::: SUPPLIED INFORMATION
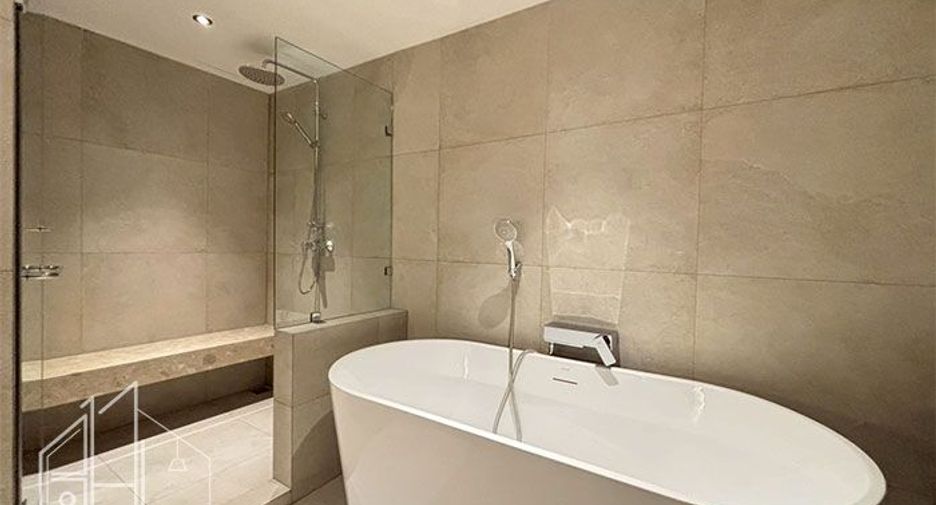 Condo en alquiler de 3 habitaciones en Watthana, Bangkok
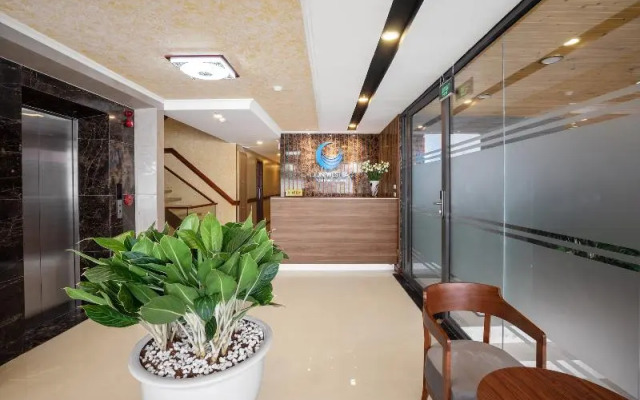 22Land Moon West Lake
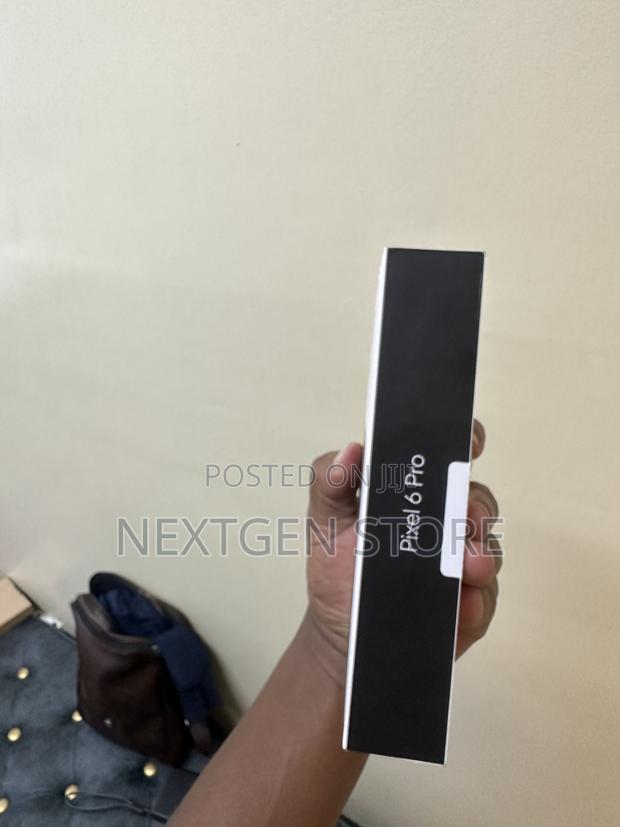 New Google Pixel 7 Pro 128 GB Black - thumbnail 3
::::::
• _TASK BRIEF_
Where the line holding "22Land Moon West Lake" appears, start copying, and continue exactly through the last line of the listing, both ends included, skipping the pictures.

• _SOLVED PROBLEM_
 22Land Moon West Lake
 New Google Pixel 7 Pro 128 GB Black - thumbnail 3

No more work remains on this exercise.